Pernyataan keras Cak Ji bukan tanpa dasar. Seorang warga setempat yang terekam dalam video mengenakan kaos hitam menyatakan bahwa pihaknya telah melapor ke RT dan RW ketika rumah Nenek Elina hendak dibongkar. Namun, respons yang didapat nyaris nihil.
“Kita sudah laporan ke RT dan RW, tapi nol—tidak ada tindakan, Pak,” ungkap saksi tersebut, menegaskan bahwa permohonan bantuan dari masyarakat telah diabaikan.
RW Mengaku Menunggu Perintah RT, Armuji: Ini Bukan Alasan!
Saat ditanya, Ketua RW setempat memberikan alasan yang justru memicu kritik lebih lanjut. Ia mengaku tidak bisa bertindak tanpa arahan dari Ketua RT, dengan alasan “tidak enak” jika mengambil inisiatif sendiri. Menurutnya, tindakan sepihak bisa dianggap mendahului kewenangan RT.

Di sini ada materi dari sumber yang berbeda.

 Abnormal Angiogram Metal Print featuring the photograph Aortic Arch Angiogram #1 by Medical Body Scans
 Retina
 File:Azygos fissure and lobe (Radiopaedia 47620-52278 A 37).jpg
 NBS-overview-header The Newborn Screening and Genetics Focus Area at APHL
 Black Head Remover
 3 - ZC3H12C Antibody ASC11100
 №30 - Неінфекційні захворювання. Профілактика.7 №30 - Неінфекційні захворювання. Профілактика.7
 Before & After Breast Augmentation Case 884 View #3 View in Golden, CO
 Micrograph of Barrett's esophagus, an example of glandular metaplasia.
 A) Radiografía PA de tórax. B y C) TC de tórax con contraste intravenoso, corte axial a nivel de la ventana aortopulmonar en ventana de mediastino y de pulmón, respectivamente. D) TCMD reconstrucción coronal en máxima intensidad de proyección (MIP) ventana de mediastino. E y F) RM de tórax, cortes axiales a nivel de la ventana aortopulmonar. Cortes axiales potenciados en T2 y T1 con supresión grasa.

Namun, penjelasan ini justru disebut Armuji sebagai bentuk pembiaran yang tidak bertanggung jawab. “Kita nggak bicara soal hierarki, tapi soal kemanusiaan! RT dan RW itu garda terdepan pemerintahan. Kalau mereka diam, lalu siapa yang melindungi rakyat?” tanyanya retoris.
RT Blunder: Tak Tahu Siapa Penghuni Rumah yang Dirobohkan
Ketegangan semakin memuncak ketika giliran Ketua RT memberikan penjelasan. Awalnya, ia mengklaim bahwa dirinya sempat didatangi pihak yang hendak melakukan pembongkaran, dan ia telah memberi tahu bahwa rumah itu masih berpenghuni. Namun, secara mengejutkan, Ketua RT justru mengakui bahwa ia tidak tahu siapa yang tinggal di rumah tersebut.

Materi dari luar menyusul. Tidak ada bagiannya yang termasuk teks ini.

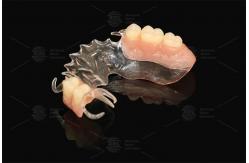 China Vertex Clear  Flexible Partial Virtually Unbreakable Low Allergy Risk Full Partial Denture supplier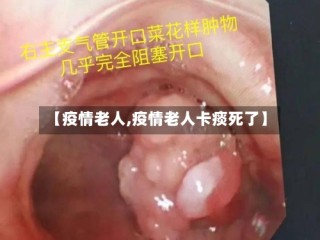 【疫情老人,疫情老人卡痰死了】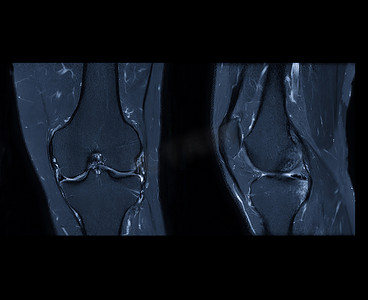 冠状摄影照片_膝关节 MRI 或膝关节磁共振成像搅拌技术的轴向、矢状和冠状视图对脂肪抑制的比较。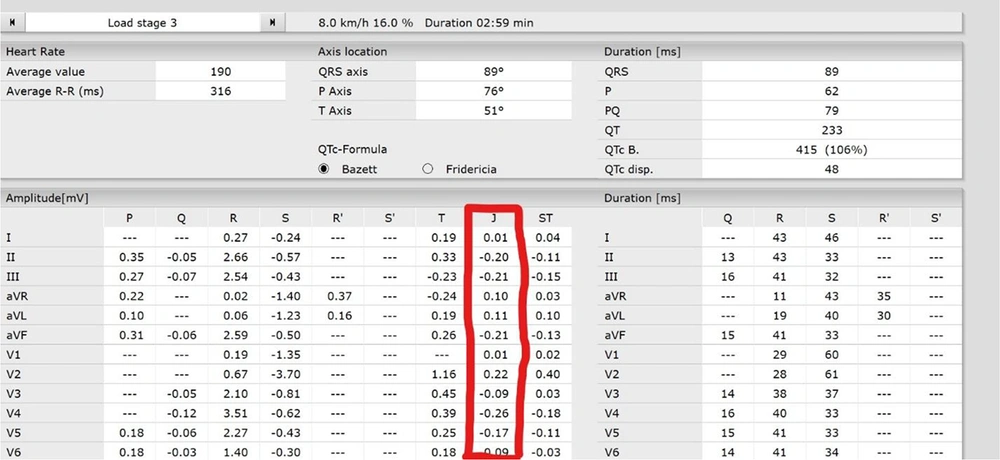 J-point values of all the leads during electrocardiogram (ECG) exercise stress-test J-point values of all the leads during electrocardiogram (ECG) exercise stress-test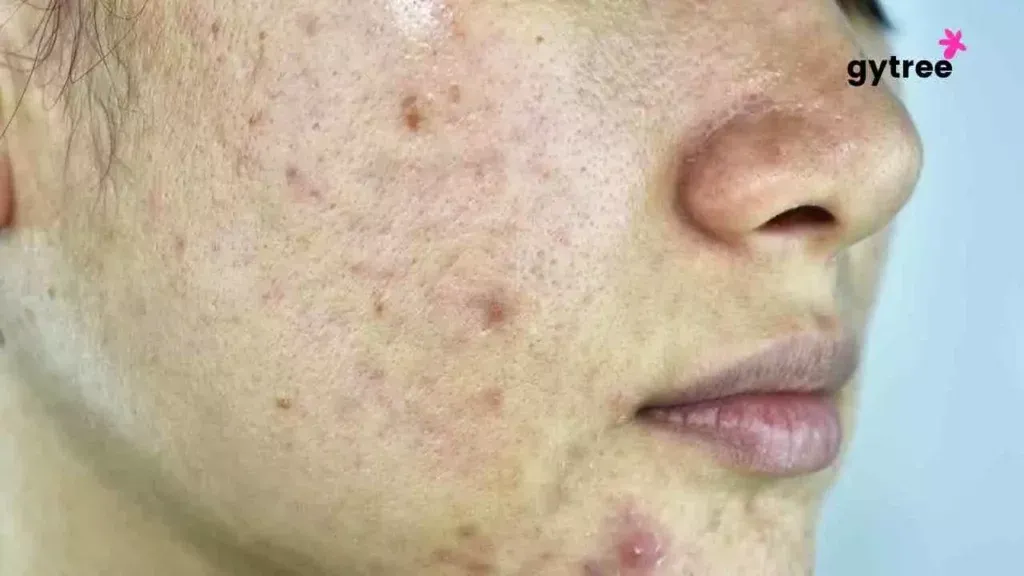 How to clear acne and pigmentation permanently?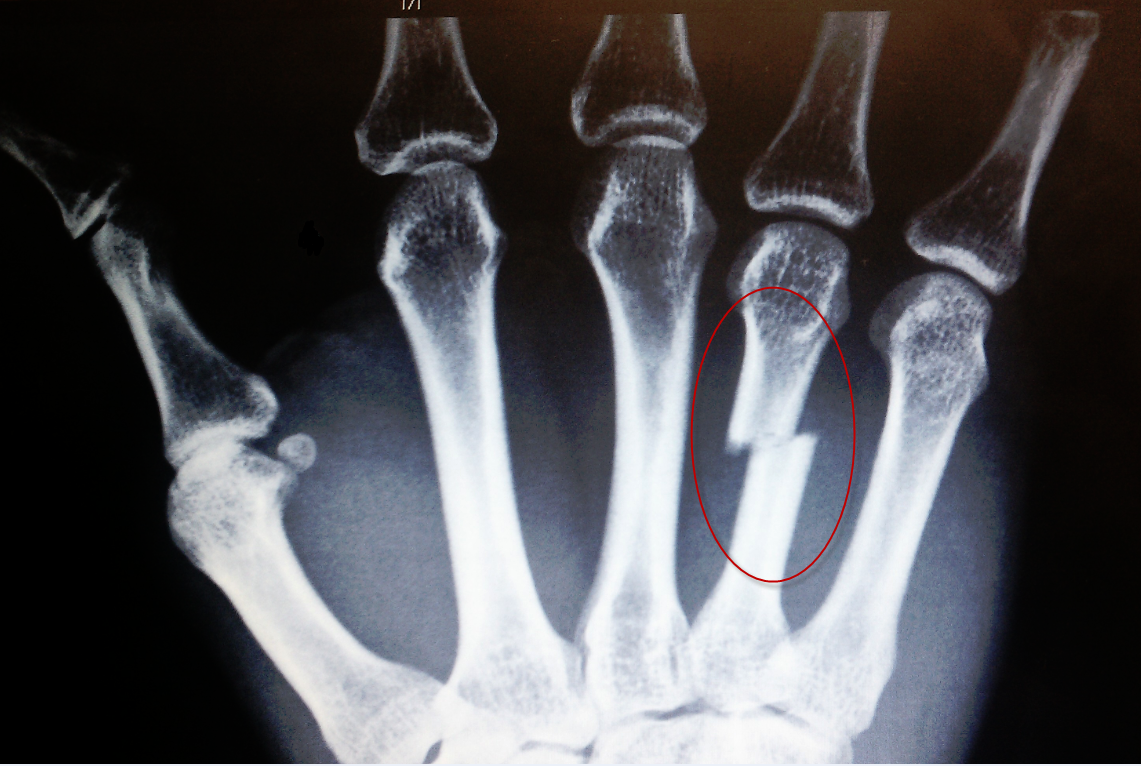 metacarpal fracture symptoms metacarpal fracture symptoms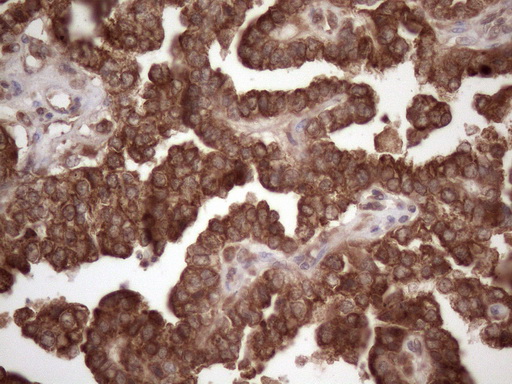 m02219 anti il3rb csf2rb mouse monoclonal antibody clone id oti4h3 ihc testing 2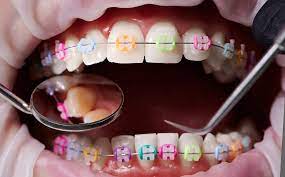 Fairhope Orthodontists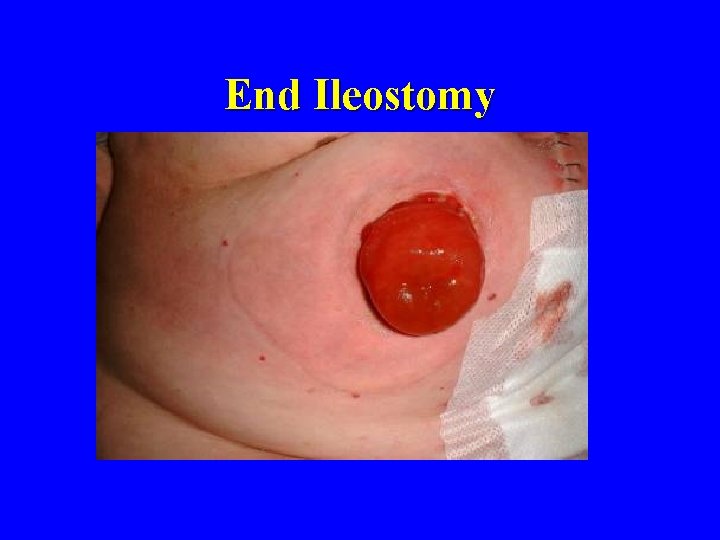 End Ileostomy 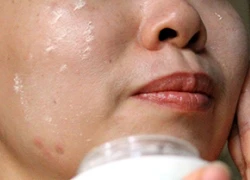 Mụn nổi chi chít vì ham hố bôi kem collagen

Pengakuan ini sontak memicu reaksi keras dari Armuji. “Bagaimana mungkin Anda sebagai Ketua RT tidak tahu siapa warga di wilayah sendiri? Apalagi kalau itu nenek berusia 80 tahun!” serunya.
Dalam klarifikasi lanjutan, Ketua RT akhirnya mengakui bahwa Nenek Elina memang telah tinggal di rumah itu sejak sebelum ia menjabat. Namun, pengakuan tersebut justru memperkuat narasi bahwa RT/RW gagal membangun hubungan emosional dan administratif yang solid dengan warganya.
Tanggung Jawab Moral vs. Prosedur Administratif
Kasus Nenek Elina menimbulkan perdebatan luas tentang keseimbangan antara prosedur administratif dan tanggung jawab moral. Di satu sisi, RT dan RW mungkin merasa terikat aturan birokrasi. Namun di sisi lain, masyarakat berhak mengharapkan perlindungan—terutama saat menghadapi situasi yang mengancam hak dasar seperti tempat tinggal dan keamanan.